• _PROBLEM TO SOLVE_: Everything from the line holding "Pianino, piano keyboard icon ." through the last line below is needed; please reproduce those lines exactly, adding nothing.

:::::

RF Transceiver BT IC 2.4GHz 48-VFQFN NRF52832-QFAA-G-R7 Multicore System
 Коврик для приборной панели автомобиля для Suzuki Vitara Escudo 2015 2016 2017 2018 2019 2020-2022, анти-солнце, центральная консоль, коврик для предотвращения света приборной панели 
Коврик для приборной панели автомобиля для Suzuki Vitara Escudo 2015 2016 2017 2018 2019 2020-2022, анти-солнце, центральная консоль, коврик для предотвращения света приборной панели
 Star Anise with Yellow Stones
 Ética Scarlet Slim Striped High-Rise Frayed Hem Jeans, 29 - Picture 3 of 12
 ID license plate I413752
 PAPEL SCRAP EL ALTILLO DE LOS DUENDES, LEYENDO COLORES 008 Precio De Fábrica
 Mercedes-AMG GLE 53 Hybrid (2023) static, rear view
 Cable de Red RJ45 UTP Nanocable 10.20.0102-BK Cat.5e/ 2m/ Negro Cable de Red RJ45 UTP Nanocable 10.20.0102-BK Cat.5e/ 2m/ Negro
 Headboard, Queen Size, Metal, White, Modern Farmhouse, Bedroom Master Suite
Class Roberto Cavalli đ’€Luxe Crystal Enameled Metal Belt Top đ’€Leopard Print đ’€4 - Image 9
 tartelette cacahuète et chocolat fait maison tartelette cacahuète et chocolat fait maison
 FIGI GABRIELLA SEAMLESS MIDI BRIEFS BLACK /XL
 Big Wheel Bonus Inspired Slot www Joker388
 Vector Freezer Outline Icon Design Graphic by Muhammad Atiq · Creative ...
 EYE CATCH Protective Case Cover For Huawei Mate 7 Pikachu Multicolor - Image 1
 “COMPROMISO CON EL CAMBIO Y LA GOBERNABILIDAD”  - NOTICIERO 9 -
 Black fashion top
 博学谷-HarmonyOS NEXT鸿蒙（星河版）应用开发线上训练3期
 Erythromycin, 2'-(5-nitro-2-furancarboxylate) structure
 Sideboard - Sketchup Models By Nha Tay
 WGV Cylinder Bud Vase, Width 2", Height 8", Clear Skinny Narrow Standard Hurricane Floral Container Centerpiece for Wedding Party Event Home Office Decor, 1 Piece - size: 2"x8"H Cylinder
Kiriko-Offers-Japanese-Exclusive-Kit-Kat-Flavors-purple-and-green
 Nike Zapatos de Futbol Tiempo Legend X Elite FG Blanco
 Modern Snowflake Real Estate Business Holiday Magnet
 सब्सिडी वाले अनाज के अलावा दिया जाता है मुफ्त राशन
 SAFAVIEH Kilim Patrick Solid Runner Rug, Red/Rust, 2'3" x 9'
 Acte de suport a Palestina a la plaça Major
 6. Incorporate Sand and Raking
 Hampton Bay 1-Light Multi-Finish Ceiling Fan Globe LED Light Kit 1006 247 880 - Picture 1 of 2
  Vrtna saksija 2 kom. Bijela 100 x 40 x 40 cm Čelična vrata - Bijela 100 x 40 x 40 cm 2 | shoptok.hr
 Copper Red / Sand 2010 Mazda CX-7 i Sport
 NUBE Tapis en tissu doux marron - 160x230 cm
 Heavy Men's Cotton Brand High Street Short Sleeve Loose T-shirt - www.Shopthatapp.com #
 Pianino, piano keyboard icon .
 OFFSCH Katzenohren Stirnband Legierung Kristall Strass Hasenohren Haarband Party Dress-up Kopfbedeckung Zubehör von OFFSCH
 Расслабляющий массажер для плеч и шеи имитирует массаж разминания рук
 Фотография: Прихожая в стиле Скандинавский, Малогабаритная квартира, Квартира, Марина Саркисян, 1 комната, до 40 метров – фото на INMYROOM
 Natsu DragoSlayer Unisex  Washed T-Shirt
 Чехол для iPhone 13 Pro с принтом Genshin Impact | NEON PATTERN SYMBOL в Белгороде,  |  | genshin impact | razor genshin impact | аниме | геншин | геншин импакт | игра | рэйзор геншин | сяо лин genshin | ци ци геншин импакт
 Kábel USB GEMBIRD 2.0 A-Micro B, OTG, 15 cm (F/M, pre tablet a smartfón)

:::::

• _EXERCISE ANSWER_:
 Pianino, piano keyboard icon .
 OFFSCH Katzenohren Stirnband Legierung Kristall Strass Hasenohren Haarband Party Dress-up Kopfbedeckung Zubehör von OFFSCH
 Расслабляющий массажер для плеч и шеи имитирует массаж разминания рук
 Фотография: Прихожая в стиле Скандинавский, Малогабаритная квартира, Квартира, Марина Саркисян, 1 комната, до 40 метров – фото на INMYROOM
 Natsu DragoSlayer Unisex  Washed T-Shirt
 Чехол для iPhone 13 Pro с принтом Genshin Impact | NEON PATTERN SYMBOL в Белгороде,  |  | genshin impact | razor genshin impact | аниме | геншин | геншин импакт | игра | рэйзор геншин | сяо лин genshin | ци ци геншин импакт
 Kábel USB GEMBIRD 2.0 A-Micro B, OTG, 15 cm (F/M, pre tablet a smartfón)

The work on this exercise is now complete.